I've been thinking about the following. I know from the law of large numbers that if $X_1,X_2,...$ is an infinite sequence of independent and identically distributed copies of integrable $X:\Omega\to\mathbb{R}$, then
$$\lim_{n\to\infty} \frac{1}{n} \sum_{i=1}^n X_i = \mathbb{E}[X]$$
Suppose we have a sequence of convex functions $f_1, f_2, ...$ converging pointwise to $f:\mathbb{R}\to\mathbb{R}$ from below i.e. $f_i \leq f$. Assume that $f_i(X_i)$ and $f(X)$ are integrable. Then is it true that
$$\lim_{n\to\infty} \frac{1}{n} \sum_{i=1}^n f_i(X_i) = \mathbb{E}[f(X)]$$
holds?
Edit: I added convexity and integrability in the above.
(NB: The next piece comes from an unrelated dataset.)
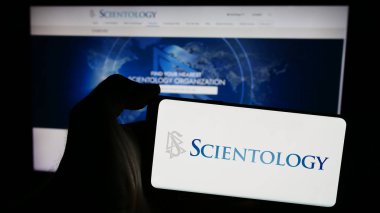 Stuttgart, Almanya - 04-15-2024: İnternet sayfası önünde dini örgüt Scientology logosu bulunan cep telefonu sahibi kişi. Telefon ekranına odaklan.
My attempt at some theorems:
Theorem 1: $\lim_{n\to\infty}\frac{1}{n}\sum_{i=1}^n\mathbb{E}[f_i(X_i)] = \mathbb{E}[f(X)]$
Proof: We know that the negative part of the function i.e. $\min\{0,f_i\}$ is Lipschitz continuous. Otherwise the epigraph of $f_i$ would not be convex. Using this and the fact that $f_i \leq f$,
$$|\frac{1}{n}\sum_{i=1}^n f_i(X)| \leq \sup_{i=1,..,n}|f_i(0)| + C||X|| + |f(X)| $$
where $C = \sup\{C_1,C_2,...\}$ where $C_i$ Lipschitz constant for $\min\{0,f_i\}$. Note that $C \leq \infty$ since $\min\{0,f_i\}$ converges pointwise to $\min\{0, f\}$ which is Lipschitc continuous. Now using the dominated convergence theorem, we have:
$$\lim_{n\to\infty}\frac{1}{n}\sum_{i=1}^n\mathbb{E}[f_i(X)] = \mathbb{E}[f(X)]$$
It is clear that $\mathbb{E}[f_i(X_i)] = \mathbb{E}[f_i(X)]$ and substituting this in the above limit gives the desired result. QED.
Theorem 2: $\lim_{n\to\infty} \frac{1}{n} \sum_{i=1}^n f_i(X_i) = \mathbb{E}[f(X)]$ with probability one.
Proof: Define sequence $h_i(X_i) = f(X_i) - f_i(X_i)$. Then $\lim_{n\to\infty} \frac{1}{n}\sum_{i=1}^n f_i(X_i) + h_i(X_i) = \mathbb{E}[f(X)]$ with probability one. To see this, note that $f_i(X_i) + h_i(X_i)$ is iid copy of $f(X)$. Using the strong law of large numbers gives the result. Now we want to show $\lim_{n\to\infty} \frac{1}{n}\sum_{i=1}^n h_i(X_i) = 0$ with probability one. Observe that $\lim_{i\to\infty} h_i(X_i) = 0$ almost surely because $f_i$ converges pointwise to $f$. Therefore, $\lim_{n\to\infty} \frac{1}{n}\sum_{i=1}^n f_i(X_i) + 0 = \mathbb{E}[f(X)]$ with probability one. QED.